Et en peignant ce tableau — probablement pendant un des confinements Covid, probablement seul dans mon studio pendant des semaines sans voir personne, le monde entier enfermé, la technologie devenue plus nécessaire que jamais pour communiquer, pour travailler, pour survivre même — en peignant ce tableau je savais bien que c’était peut-être une illusion, que dans la réalité la technologie s’imposait souvent brutalement, détruisait la nature, remplaçait l’organique par l’artificiel sans scrupules, sans respect, sans dialogue, je l’avais montré dans Microsoft, je le montrerais encore dans Escape Game, mais The Tubes of Trees proposait autre chose, une alternative, une voie différente qui n’existait peut-être pas encore mais qui pourrait exister si nous le voulions, si nous le choisissions, si nous décidions que la coexistence était préférable à la domination, que le dialogue était préférable à l’imposition, que le respect mutuel était préférable au remplacement brutal, les tubes transparents laissaient voir les troncs, les couleurs vives dialoguaient avec les tons naturels, les cylindres technologiques imitaient les cylindres organiques, les deux mondes partageaient l’espace, ensemble, côte à côte, sans se détruire, pour l’instant, dans ce tableau, dans ce rêve, dans cette proposition.

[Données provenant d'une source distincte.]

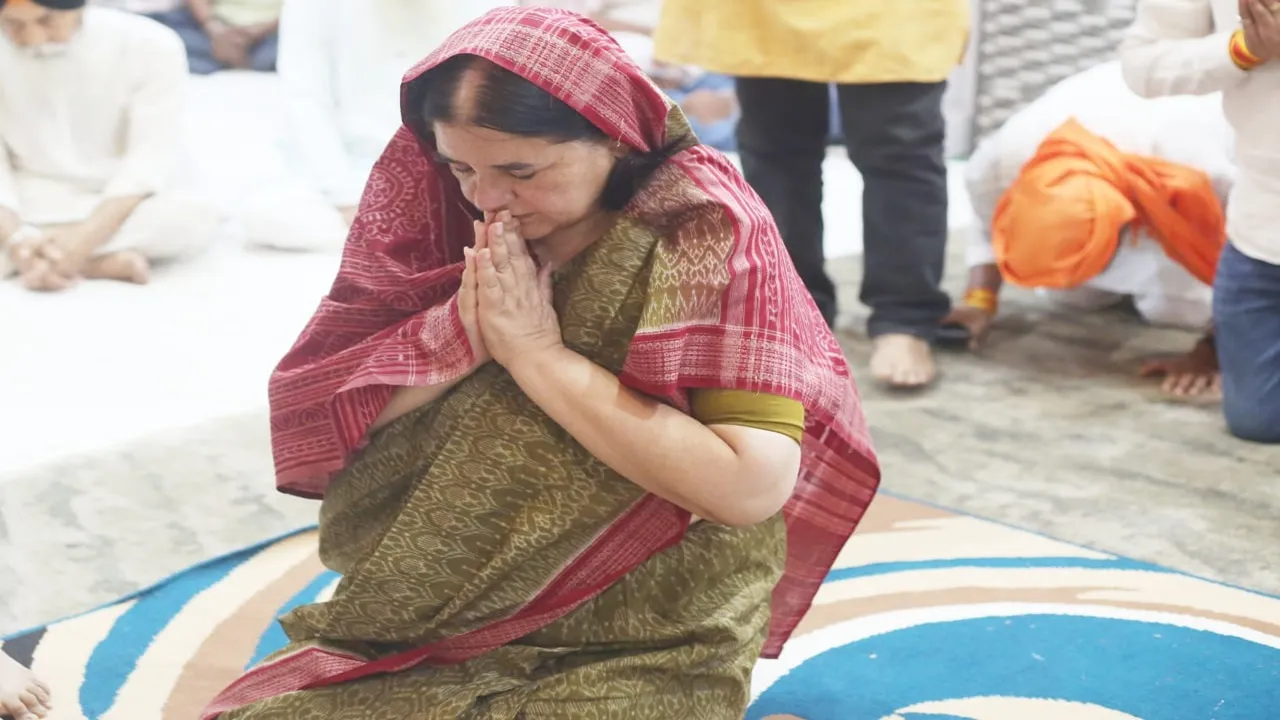 सुलतानपुर: दो मंत्री की मौजूदगी में कल मेनका गांधी करेंगी नामांकन, शास्त्रीनगर से निकालेंगी जुलूस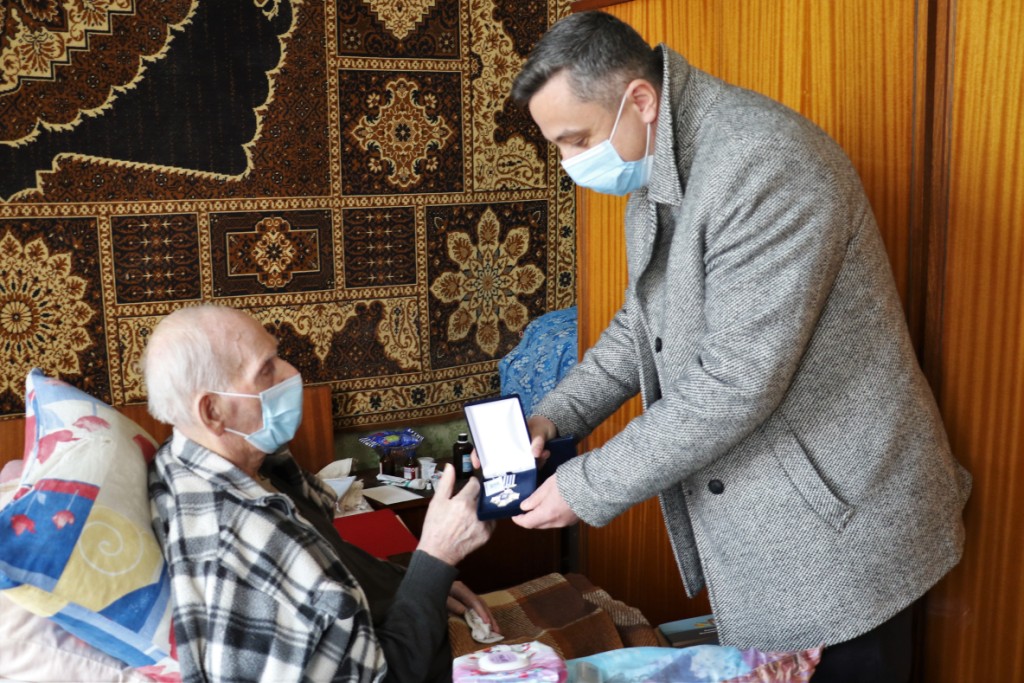 Ветеран Другої світової війни  отримав нагороду «За заслуги перед містом Житомиром III ступеня»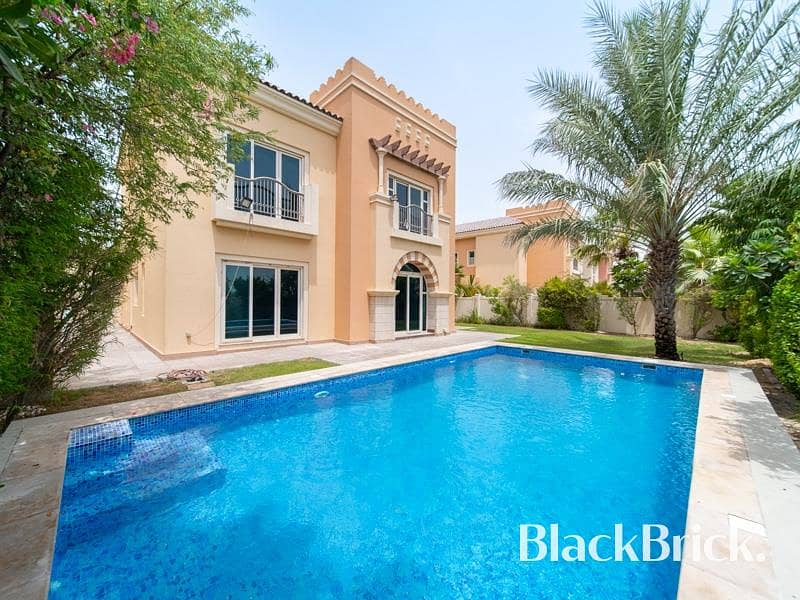 Superb Family Villa |Private Pool |Available Now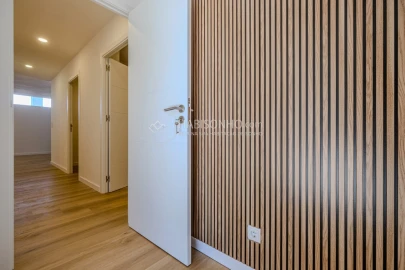 Apartamento T2 para Venda em Delães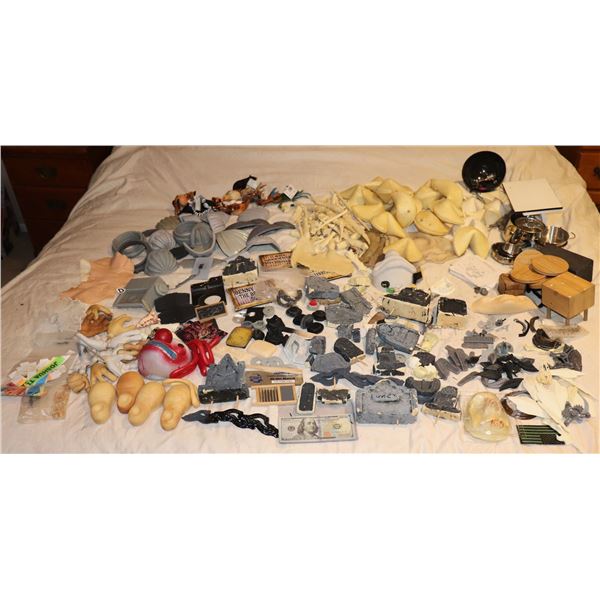 PROPS PUPPETS AND COSPLAY COSTUME HORDE 100'S OF ITEMS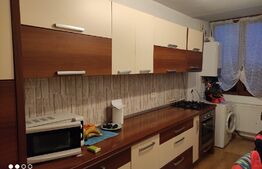 Apartament 3 camere, 65mp, zona Cetate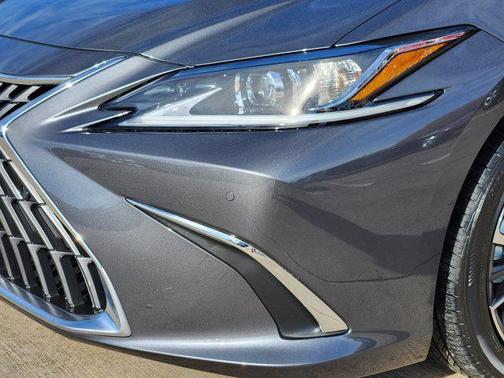 2025 Lexus ES 350 Base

The Tubes of Trees. Le dialogue était possible. Peut-être. Si nous le voulions. Si nous le choisissions. Si nous apprenions enfin à respecter ce qui était là avant nous, ce qui vivait à côté de nous, ce qui pourrait survivre après nous si nous ne le détruisions pas complètement avant, les tubes et les arbres, ensemble, transparents, dialoguant, coexistant, c’était possible, peut-être, je voulais le croire, j’avais besoin de le croire, j’avais peint cette croyance, cette possibilité, cet espoir fragile, et il resterait là, sur la toile, invisible dans mon studio, mais existant, quand même, malgré tout, témoin d’un rêve de coexistence qui n’existait peut-être pas dans le monde réel mais qui existait au moins ici, dans la peinture, dans l’art, dans l’imagination, dans l’espoir, toujours.